**Task objective:** The reply should contain every line of the data, repeated exactly, and no pictures.

**Information supplied:**
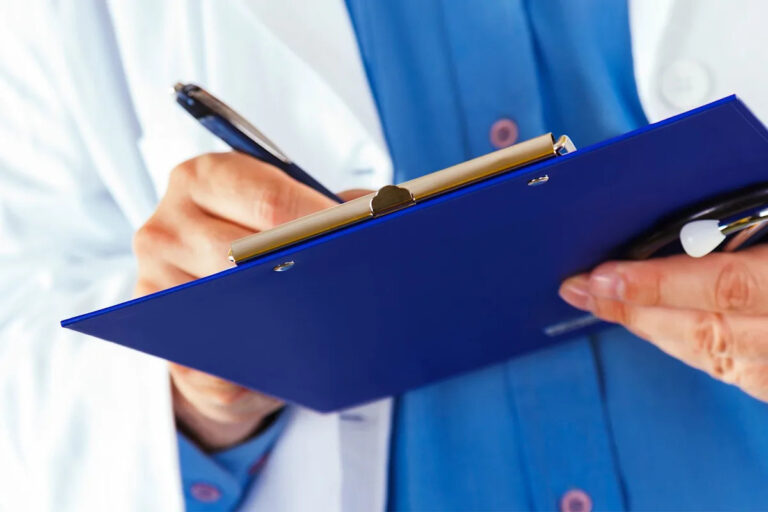 Врачи не будут оправдывать отсутствие детей, сообщает школьный округ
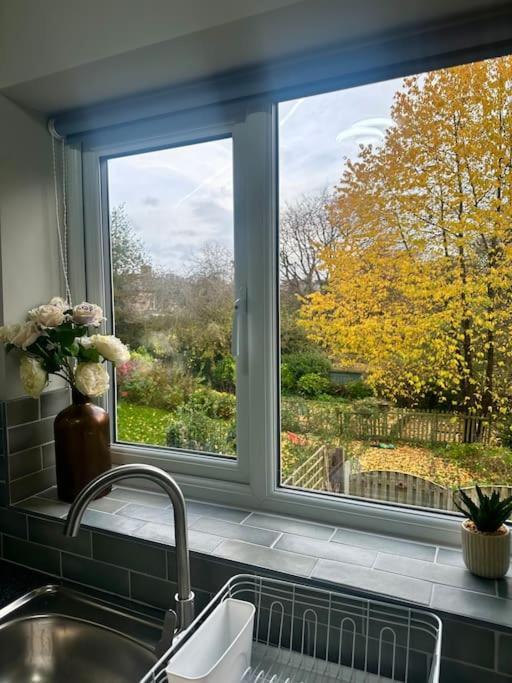 Stylish 2 Bedrooms Flat In A Quiet Cul-de-sac Area, Near Centre With Free Parking Apartment Sheffield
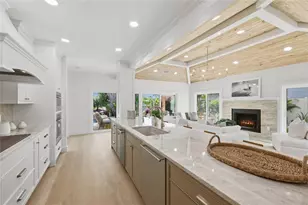 4833 Featherbed Ln, Sarasota, FL 34242 - Photo 15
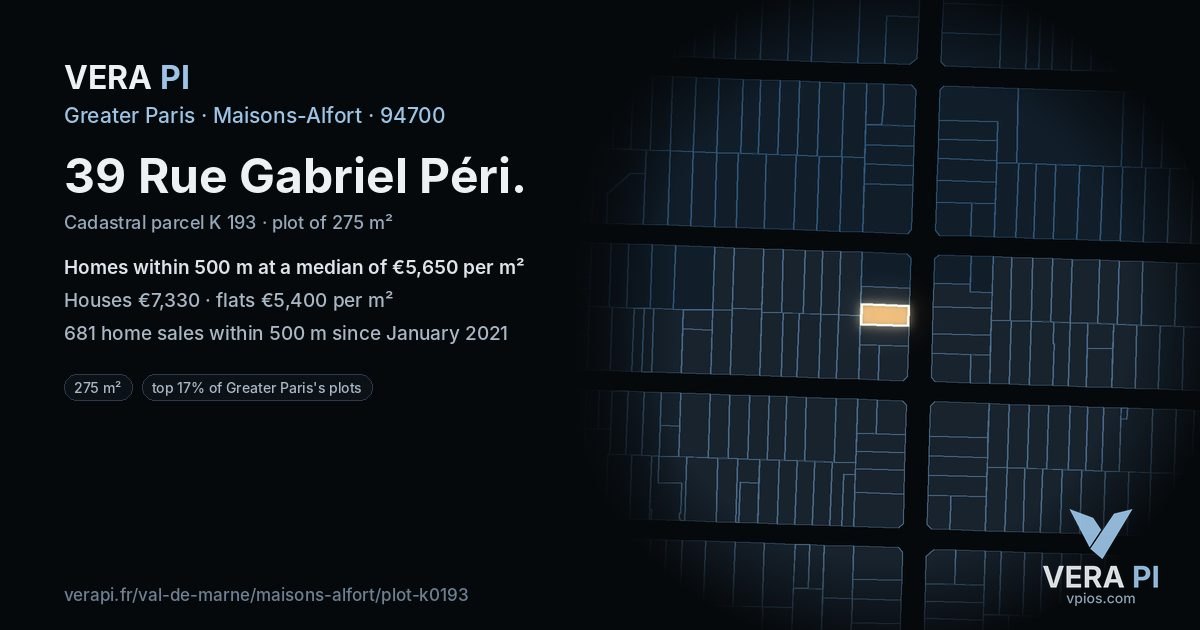39 Rue Gabriel Péri, Maisons-Alfort at night – the plot lit, the parcels around coloured by the prices near them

**Answer to the exercise:**
 Врачи не будут оправдывать отсутствие детей, сообщает школьный округ
 Stylish 2 Bedrooms Flat In A Quiet Cul-de-sac Area, Near Centre With Free Parking Apartment Sheffield
 4833 Featherbed Ln, Sarasota, FL 34242 - Photo 15
39 Rue Gabriel Péri, Maisons-Alfort at night – the plot lit, the parcels around coloured by the prices near them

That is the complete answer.